Conforme uno avanza, el silencio y la vegetación aumentan y hasta pareciera que este lugar no pertenece a esta gigantesca ciudad. Lo cierto es que los amantes de la naturaleza pueden encontrar en este lugar un sitio para simplemente relajarse o practicar senderismo y espeleología pues existen varias cuevas interconectadas entre sí, aunque algunas están cerradas al acceso público.
Aunque abandonado y un tanto descuidado el mirador posee una belleza peculiar, con varios elementos prehispánicos plasmados en la herrería. Podría estar mejor, sin duda, pero resulta funcional.
Ahora, la gran interrogante es ¿cómo este lugar que fuera un importante centro ceremonial prehispánico llegó a ser el escenario de la Pasión de Cristo? Pues existe una respuesta y no, no es tan simple.
Ale me cuenta que en 1843 una epidemia de cólera azotó a la población de Iztapalapa. Era tanta la desesperación que varios niños y jóvenes fueron hasta el Santuario del Señor de la Cuevita y le pidieron al santo que el contagio cesara. El milagro ocurrió y como agradecimiento los habitantes de todos los siete barrios originarios de Iztapalapa comenzaron a escenificar la Pasión y muerte de Jesucristo anualmente.
Esto fue convirtiéndose en toda una tradición que cada año congrega a miles de personas. La recreación de la crucifixión se realiza en la ladera norte del Cerro de la Estrella.

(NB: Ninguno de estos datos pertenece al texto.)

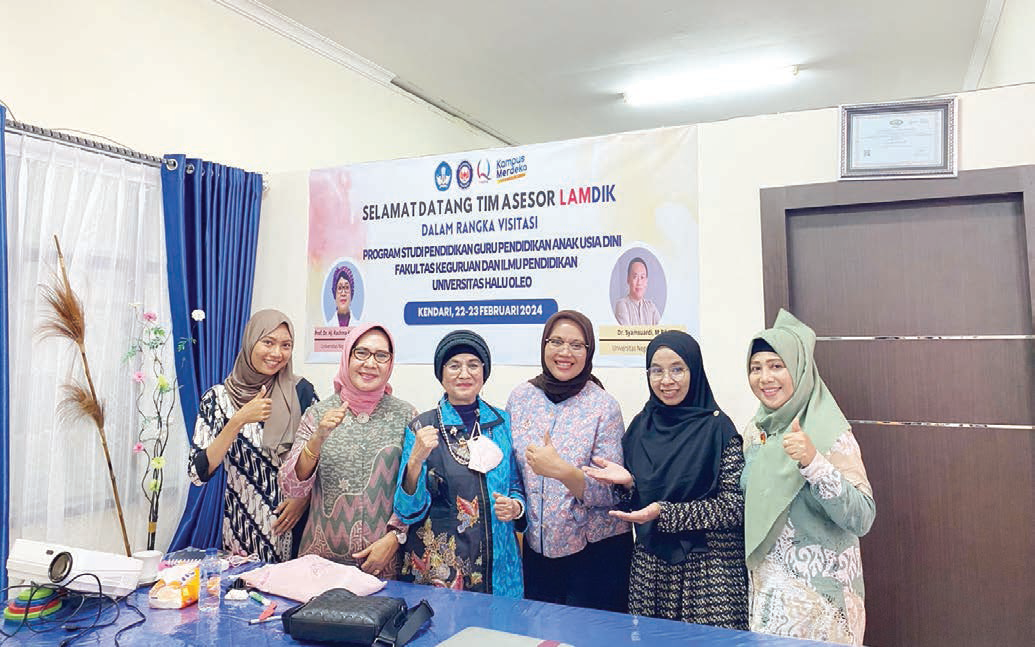 Foto bersama Prof. Dr. Rahma Hasibuan M.Kes (tiga kiri) dan Kajur PGSD FKIP UHO Salwiah, S.Pd., M.Pd. (dua kiri). (EWIN ENDANG SAPUTRI/KENDARI POS)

Curiosamente en el 2006 el Instituto Nacional de Antropología e Historia dio a conocer que debajo del área donde se realiza este ritual, se encuentra una pirámide que data de entre los años 400 y 500 d.C. y que posee una base con dimensiones similares a las que tiene la Pirámide de la Luna en Teotihuacán.
Cuando uno sigue subiendo, llega hasta la otra pirámide, donde los antiguos sacerdotes encendían el Fuego Nuevo en una ceremonia que sólo se repetía cada 52 años.
En lo alto de esa pirámide se puede apreciar el Panteón Civil San Nicolás Tolentino, el cementerio más grande de la Ciudad de México.
Si bien es cierto que la delegación Iztapalapa cuenta con altos índices de delincuencia, lo cierto es que en este recorrido yo me sentí segura y en ningún momento pensé que alguien pudiera hacerme daño alguno. Estoy convencida de que el primer obstáculo para conocer una ciudad son los prejuicios y qué mejor lugar para desprenderme de ellos que mi propia y linda Ciudad de México.